Zachary Cole Smith, seit jeher Cole genannt, will es wissen. Der schlaksige Blondschopf wirkt jünger als seine 31 Jahre, und mit der obligatorischen Schirmmütze könnte er direkt einem Larry-Clark-Film entflohen sein. Und genau diese Mischung aus Sehnsucht, Verlorenheit und ungefilterter Realität, die ein Larry-Clark-Film wie "Kids" ausmacht, verströmen auch DIIV auf ihrem neuen Album.
Zwischen Kiffer-Glückseligkeit und Postpunk-Noise
DIIV spielen eigentlich klassischen britischen Shoegaze, der sich irgendwo einpendelt zwischen kalifornischer Kiffer-Glückseligkeit, krautrockiger Redundanz und verstörendem New Yorker Postpunk-Noise à la Sonic Youth. Sonic Youth waren auch eine Referenz, als DIIV in Studio gingen.

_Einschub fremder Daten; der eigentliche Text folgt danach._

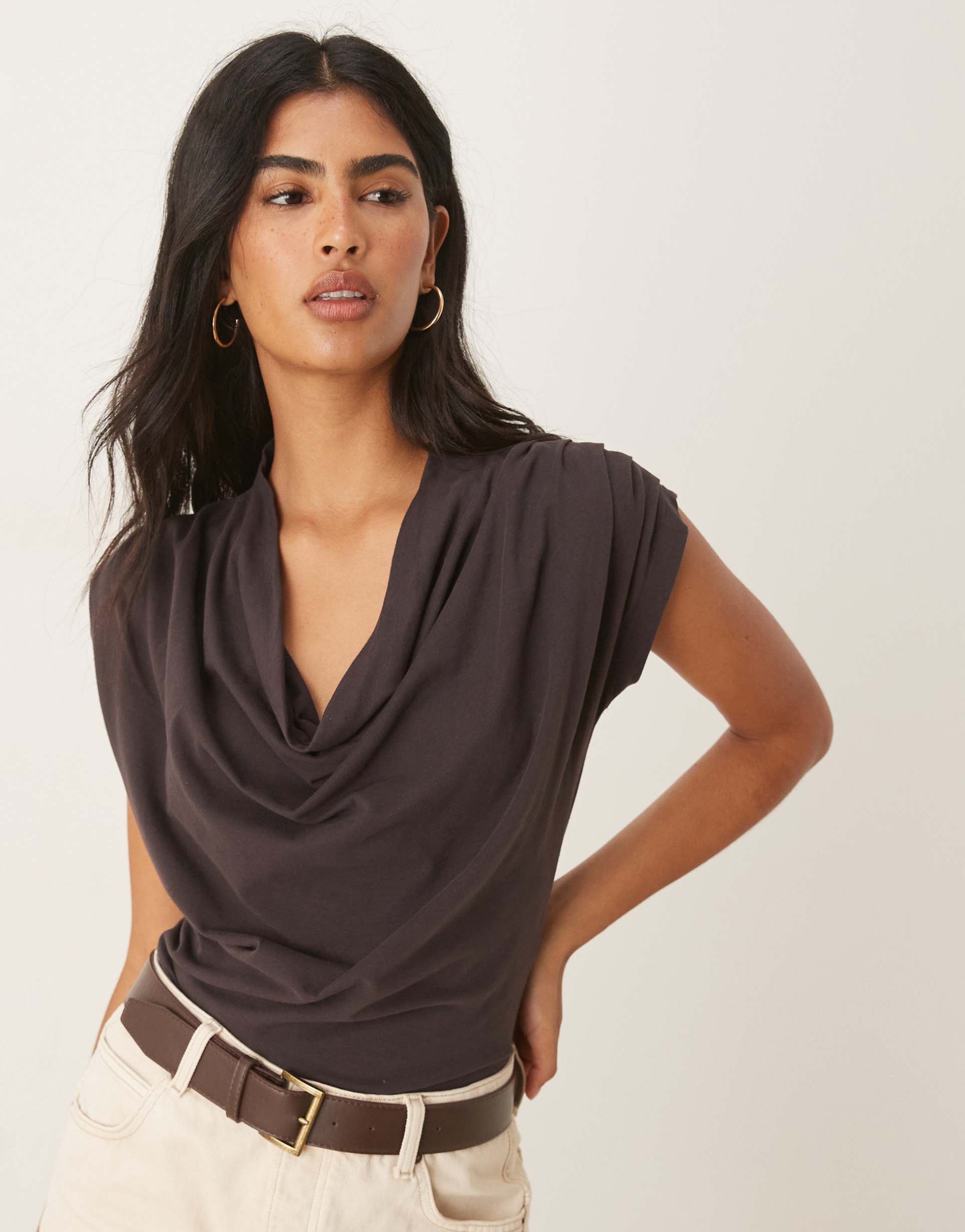 asos design cowl drape detail tee in chocolate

"Ich habe dem Tontechniker im Studio nur eine Platte gegeben, um den Sound zu beschreiben, den ich mir vorstellte: Es sollte klingen wie ein Verstärker, der mitten im Raum steht. Du hörst den Verstärker, aber auch die Raumakustik. Es war eine Platte von Sonic Youth, ihr Kommentar zur Reagan-Ära: Bad Moon Rising, für mich mein Lieblingsalbum von ihnen, ich war davon besessen. Und so sollten wir klingen: die Rückkopplungen, wo das Schlagzeug im Raum steht, einfach alles."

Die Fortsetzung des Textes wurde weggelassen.